Later he’d describe his mother as “not indifferent so much as detached.” For her part, Princess Anne simply learned to be independent. By the time siblings Andrew and Edward came along, Elizabeth was more secure in her position and able to eke out more time to spend with them.
But it’s as a grandmother and great-grandmother that Elizabeth has really come into her own, maternally speaking, going from “Mother” to “Granny” to “Gan-Gan” with each successive generation of children. When he was very young, Prince William had his own special name for his grandmother: Gary!
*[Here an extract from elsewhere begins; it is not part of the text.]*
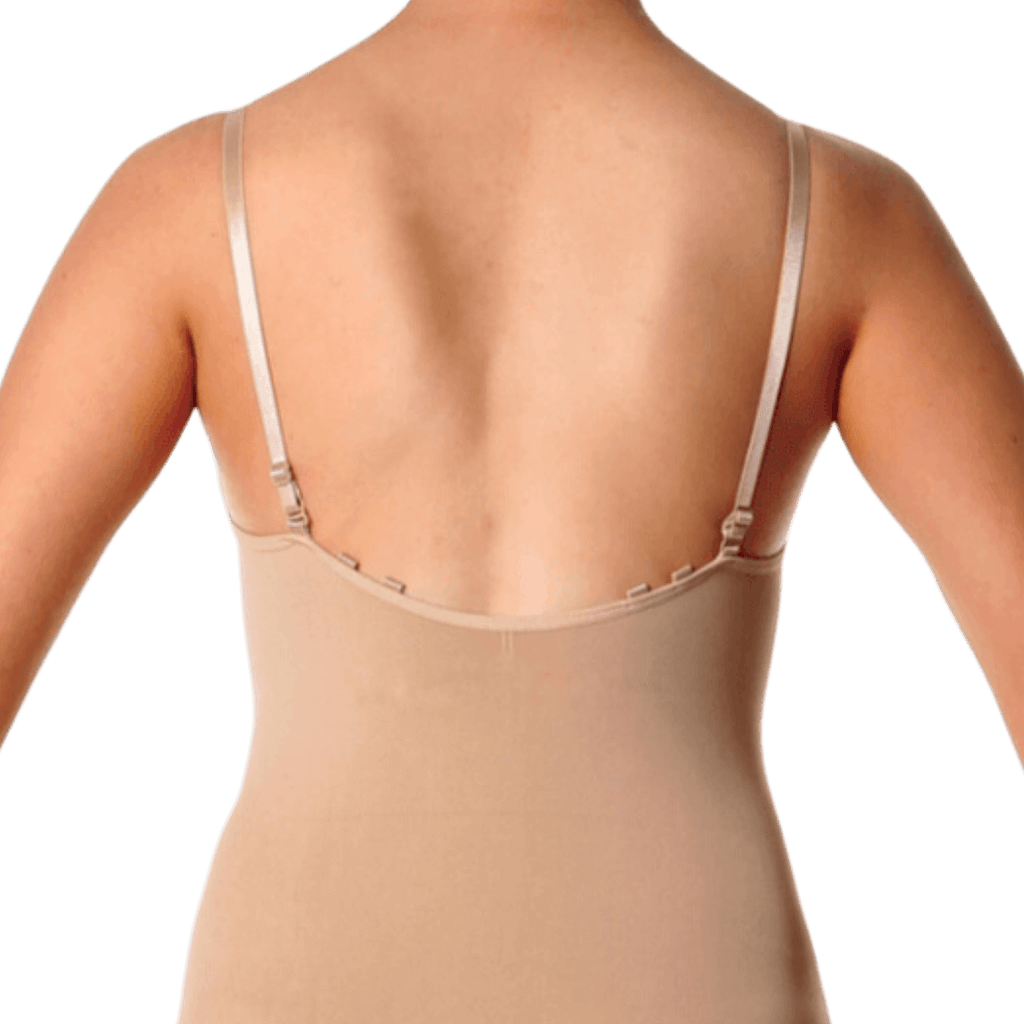 Tan Bodysuit Bodystocking for Dancers Seamless Foundation for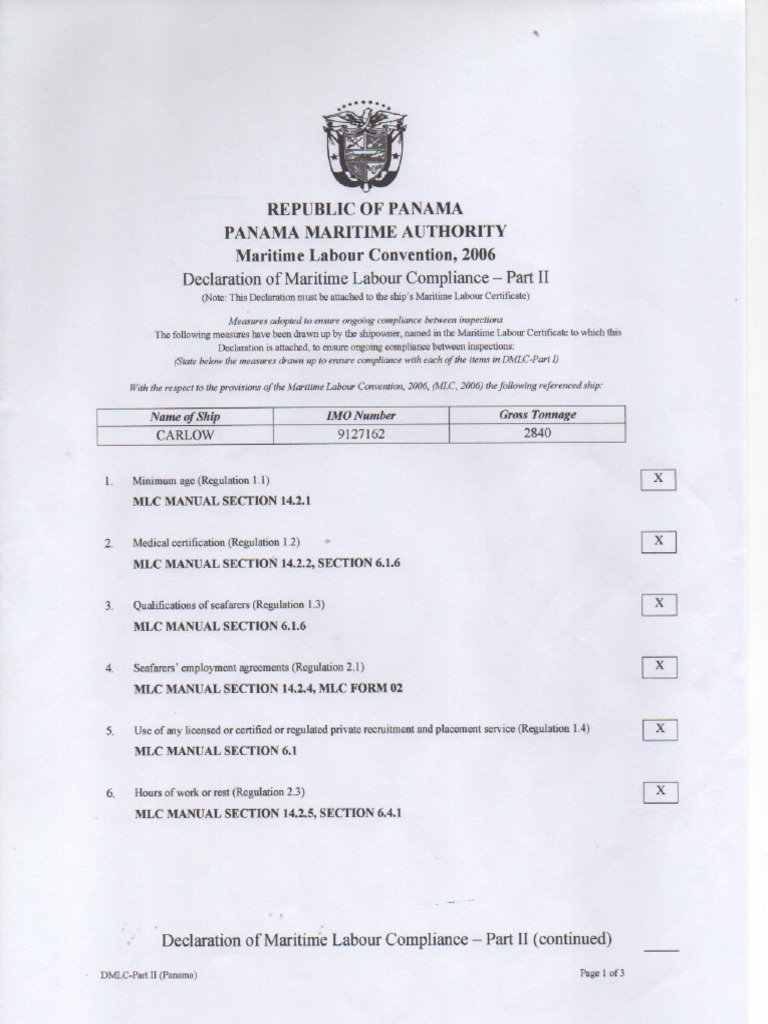 6.Dmlc Part II - MV Carlow | PDF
British columnist Richard Kay revealed that he learned of the nickname when young Wills took a tumble one day. “The queen was on hand after William fell over at Buckingham Palace, bawling ‘Gary, Gary,’” he wrote. “A guest who went to help asked who Gary was, assuming it must be a member of the royal household. ‘I’m Gary,’ explained the queen, as she scooped him up. ‘He hasn’t learned to say Granny yet.’”
William’s son George also has his own special moniker for Her Majesty. In a documentary to mark the queen’s 90th birthday, William’s wife, Kate, spoke about George’s relationship with his great-grandmother. “George is only two and a half and he calls her GanGan,” she revealed. “She always leaves a little gift or something in their room when we go and stay, and that just shows her love for the family.” And the royal brood continues to grow.
At last count, the 92-year-old monarch has eight grandchildren and seven great-grandchildren: Princess Anne’s grandkids, Savannah Phillips, 8, Isla Phillips, 6, Mia Tindall, 5, and 7-month-old Lena Tindall; and Charles’ grandchildren, George, 5, Charlotte, 3, and Louis, 9 months. Gan-Gan has her hands full!